General Cinder Project Business
Quick discussion of the following issues:
- Reminder that we are in OFTC now for #openstack-cinder and #openstack-meeting-alt. There are 69 people showing in the old Freenode cinder room, but no one has said anything in there, so it looks like people have made the transition.
- The TC has asked teams to consider holding their team meetings in their project channel instead of one of the dedicated #openstack-meeting* rooms. Sounded like most people are OK with that or have no opinion. Since we already have one change people need to be aware of right now (our next meeting will be the first in OFTC), we'll continue to meet in #openstack-meeting-alt for now and take a vote about moving in the next meeting or so.

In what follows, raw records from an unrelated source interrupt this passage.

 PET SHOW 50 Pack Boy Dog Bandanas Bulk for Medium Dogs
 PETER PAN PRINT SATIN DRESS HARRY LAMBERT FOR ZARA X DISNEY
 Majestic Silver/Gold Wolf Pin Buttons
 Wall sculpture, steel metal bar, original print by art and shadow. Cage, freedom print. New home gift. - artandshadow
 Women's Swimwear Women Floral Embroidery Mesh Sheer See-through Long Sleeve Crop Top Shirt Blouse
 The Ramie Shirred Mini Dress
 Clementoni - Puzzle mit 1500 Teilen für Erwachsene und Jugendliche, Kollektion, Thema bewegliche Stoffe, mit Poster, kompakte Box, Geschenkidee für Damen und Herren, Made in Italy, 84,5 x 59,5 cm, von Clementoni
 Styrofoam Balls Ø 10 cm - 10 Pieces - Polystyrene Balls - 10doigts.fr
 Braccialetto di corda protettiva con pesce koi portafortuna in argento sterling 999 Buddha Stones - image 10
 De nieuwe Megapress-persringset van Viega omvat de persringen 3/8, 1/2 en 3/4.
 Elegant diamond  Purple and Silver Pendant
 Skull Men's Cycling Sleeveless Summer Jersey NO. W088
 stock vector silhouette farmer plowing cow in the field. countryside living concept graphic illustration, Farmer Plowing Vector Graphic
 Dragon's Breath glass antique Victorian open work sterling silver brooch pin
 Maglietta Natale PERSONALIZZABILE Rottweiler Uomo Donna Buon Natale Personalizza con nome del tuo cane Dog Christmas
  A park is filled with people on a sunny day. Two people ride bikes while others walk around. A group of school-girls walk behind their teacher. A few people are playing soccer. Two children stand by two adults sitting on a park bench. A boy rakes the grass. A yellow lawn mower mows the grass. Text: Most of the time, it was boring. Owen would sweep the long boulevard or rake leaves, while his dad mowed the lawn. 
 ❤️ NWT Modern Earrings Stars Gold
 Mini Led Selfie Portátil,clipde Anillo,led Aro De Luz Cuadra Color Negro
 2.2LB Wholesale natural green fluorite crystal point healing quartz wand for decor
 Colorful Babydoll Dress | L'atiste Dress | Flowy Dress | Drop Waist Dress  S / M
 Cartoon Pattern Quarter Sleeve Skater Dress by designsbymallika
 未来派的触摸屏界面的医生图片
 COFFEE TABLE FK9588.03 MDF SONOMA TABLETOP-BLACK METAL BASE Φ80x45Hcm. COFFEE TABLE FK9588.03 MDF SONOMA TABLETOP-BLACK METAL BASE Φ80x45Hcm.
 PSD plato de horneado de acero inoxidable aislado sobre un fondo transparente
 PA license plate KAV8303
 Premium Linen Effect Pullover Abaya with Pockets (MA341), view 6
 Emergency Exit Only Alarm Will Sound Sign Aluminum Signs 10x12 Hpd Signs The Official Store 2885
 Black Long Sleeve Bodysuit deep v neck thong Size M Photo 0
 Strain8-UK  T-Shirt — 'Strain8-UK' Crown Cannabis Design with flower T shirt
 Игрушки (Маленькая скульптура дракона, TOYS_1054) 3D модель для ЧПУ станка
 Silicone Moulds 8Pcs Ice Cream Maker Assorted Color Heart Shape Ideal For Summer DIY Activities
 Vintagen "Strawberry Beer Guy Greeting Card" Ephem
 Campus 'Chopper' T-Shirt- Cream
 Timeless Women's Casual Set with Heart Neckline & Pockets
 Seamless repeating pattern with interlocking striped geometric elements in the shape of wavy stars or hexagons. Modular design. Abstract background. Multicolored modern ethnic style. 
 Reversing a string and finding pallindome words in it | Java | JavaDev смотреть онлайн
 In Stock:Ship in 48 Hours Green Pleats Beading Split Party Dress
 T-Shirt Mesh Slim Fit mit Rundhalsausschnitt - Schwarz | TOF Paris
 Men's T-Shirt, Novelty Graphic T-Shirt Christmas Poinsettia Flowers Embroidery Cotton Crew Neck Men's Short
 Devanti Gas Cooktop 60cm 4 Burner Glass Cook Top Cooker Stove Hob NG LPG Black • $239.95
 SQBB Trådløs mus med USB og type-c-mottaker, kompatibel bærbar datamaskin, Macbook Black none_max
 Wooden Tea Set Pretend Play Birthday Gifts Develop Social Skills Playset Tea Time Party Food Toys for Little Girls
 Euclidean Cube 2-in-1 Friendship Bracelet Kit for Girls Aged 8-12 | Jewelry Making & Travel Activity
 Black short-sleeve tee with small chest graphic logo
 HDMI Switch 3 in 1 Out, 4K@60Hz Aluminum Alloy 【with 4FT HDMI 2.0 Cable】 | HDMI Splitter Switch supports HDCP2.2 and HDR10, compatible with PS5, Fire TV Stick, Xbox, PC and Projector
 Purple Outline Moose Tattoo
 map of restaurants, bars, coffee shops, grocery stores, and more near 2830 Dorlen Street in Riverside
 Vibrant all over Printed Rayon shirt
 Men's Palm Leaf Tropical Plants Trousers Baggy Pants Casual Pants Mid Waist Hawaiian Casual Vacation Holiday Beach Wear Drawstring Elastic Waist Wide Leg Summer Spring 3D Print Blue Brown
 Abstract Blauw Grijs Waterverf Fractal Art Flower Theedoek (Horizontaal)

- also, see this short email thread on this issue: http://lists.openstack.org/pipermail/openstack-discuss/2021-June/022865.html
- The release team likes to make sure libraries have a released early in the cycle so that changes that have accumulated in master since the most recent stable branch was cut can get a workout and we can find out if we've broken anyone. We did a quick review of unmerged os-brick patches and picked two that should be included in this early release. Rajat will update the release patch when the changes have been merged. (We will wait to release an early python-cinderclient until after v2 support has been removed; see below.)
- A question came up about a backport proposed to stable/queens: https://review.opendev.org/c/openstack/cinder/+/760362. The issue is that it's a pretty big patch (on the order of 1K lines, though half of that is unit tests) and that it's not a clean backport from rocky (and hence will require more careful reviewing). On the other hand, the change is isolated to a single driver. The general feeling was that since we've already allowed backporting from victoria (where it was introduced) back to rocky, we should be consistent and allow it to be backported to queens. Plus, it's a significant bugfix, and people are still using queens.
- It turns out that os-brick is not tagged 'vulnerability:managed', which was a surprise to me. The question for the team was: did anyone remember this being done intentionally, or was it simply an oversight (and we didn't notice because most people file security bugs directly against cinder)? No one thought this had been done intentionally, and the team agreed that it makes sense for private security bugs for os-brick to be managed by the VMT, as is currently done for cinder and the cinderclient.
- A discussion about the default envlist in tox.ini for cinder project repos was prompted by a proposed patch to os-brick: https://review.opendev.org/c/openstack/os-brick/+/793221. We're inconsistent about this across repos, although to a certain extent it doesn't matter because no one present admitted to ever using the default tox environment when running tests locally. The default environment is aimed at new contributors, and the general consensus is that we'd like them to run both (a) the unit tests with the latest python version we support, plus (b) pep8.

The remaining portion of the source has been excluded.